Range to repeat from the listing below: the line containing "Beachfront Bali hotel" down to the line containing "Detail e: Antiker", both included. Copy it exactly, pictures excluded, and add nothing else.
::: MATERIAL FOR THIS EXERCISE :::
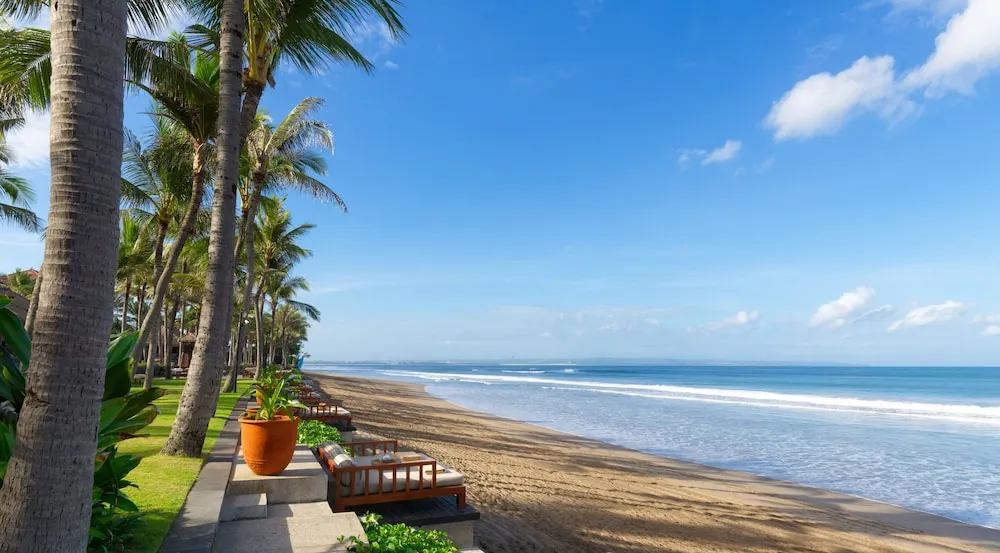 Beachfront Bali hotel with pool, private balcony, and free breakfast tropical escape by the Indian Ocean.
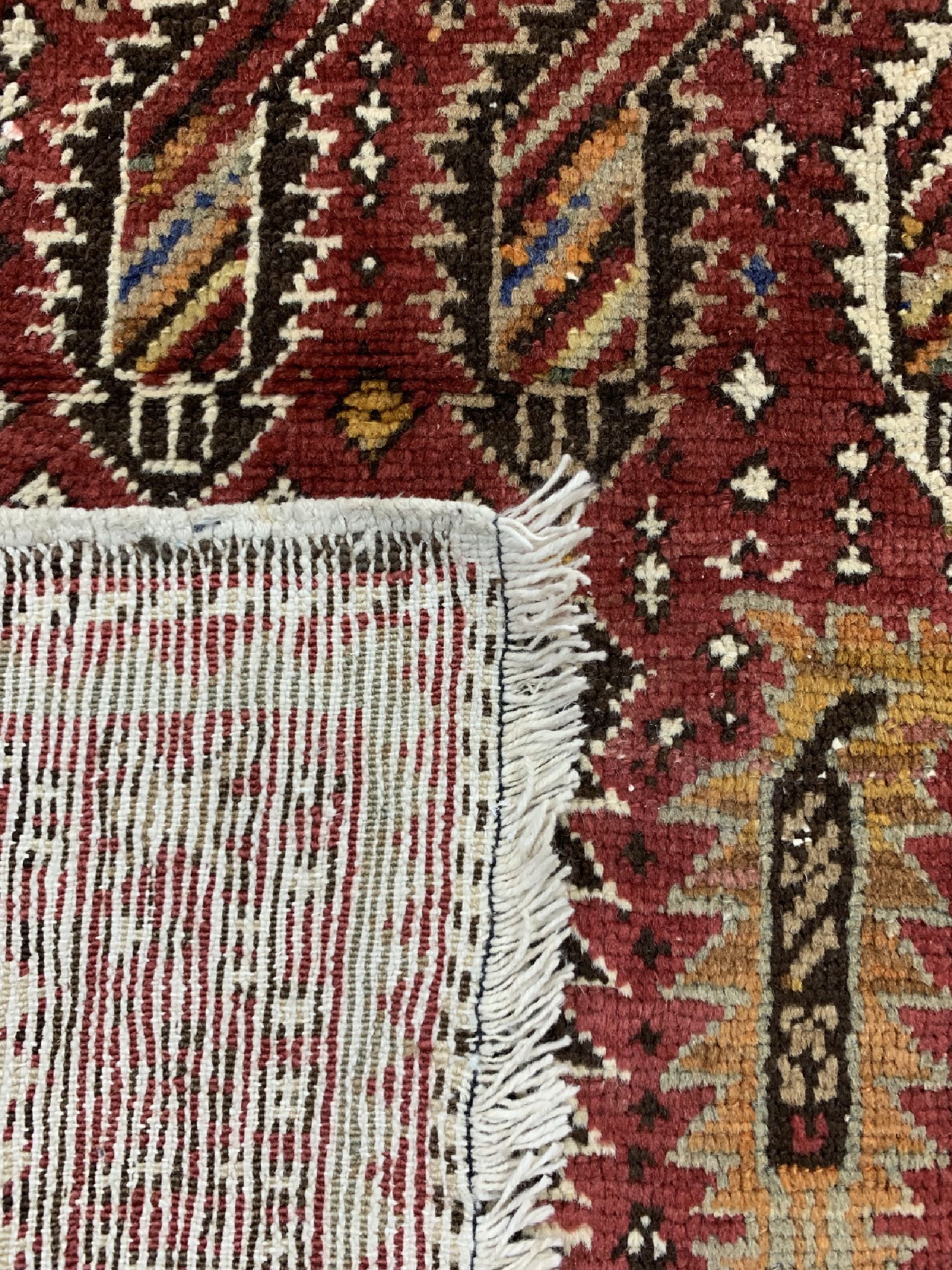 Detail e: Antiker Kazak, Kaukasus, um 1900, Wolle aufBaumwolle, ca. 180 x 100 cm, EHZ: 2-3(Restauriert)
:::
::: MATERIAL FOR THIS EXERCISE :::
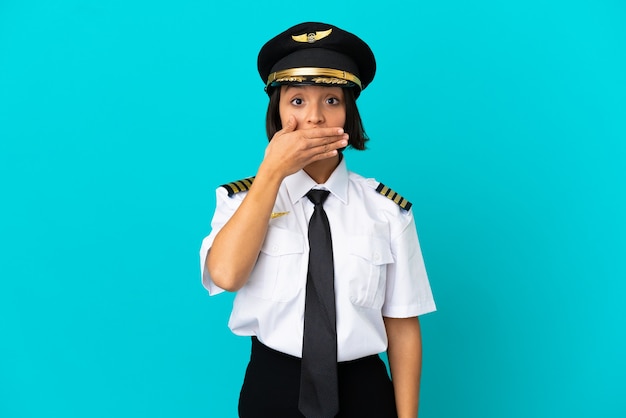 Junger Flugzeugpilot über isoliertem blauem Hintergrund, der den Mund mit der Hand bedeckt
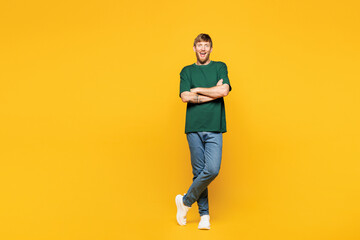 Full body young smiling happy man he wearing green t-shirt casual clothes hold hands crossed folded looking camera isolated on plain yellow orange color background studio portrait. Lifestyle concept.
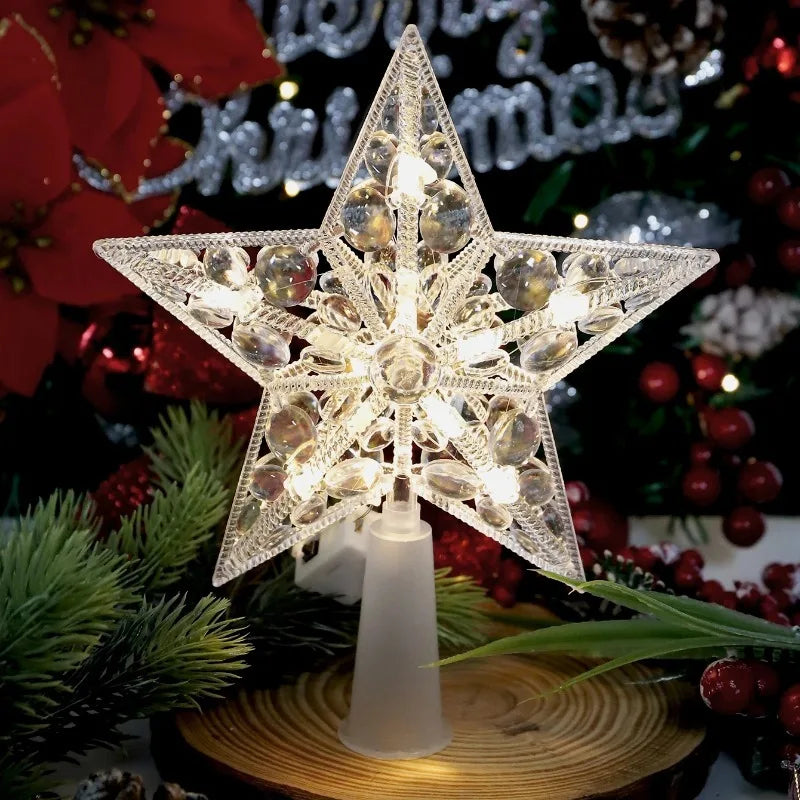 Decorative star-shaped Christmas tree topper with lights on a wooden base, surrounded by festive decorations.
:::
__ANSWER FOR THE TASK__
 Beachfront Bali hotel with pool, private balcony, and free breakfast tropical escape by the Indian Ocean.
 Detail e: Antiker Kazak, Kaukasus, um 1900, Wolle aufBaumwolle, ca. 180 x 100 cm, EHZ: 2-3(Restauriert)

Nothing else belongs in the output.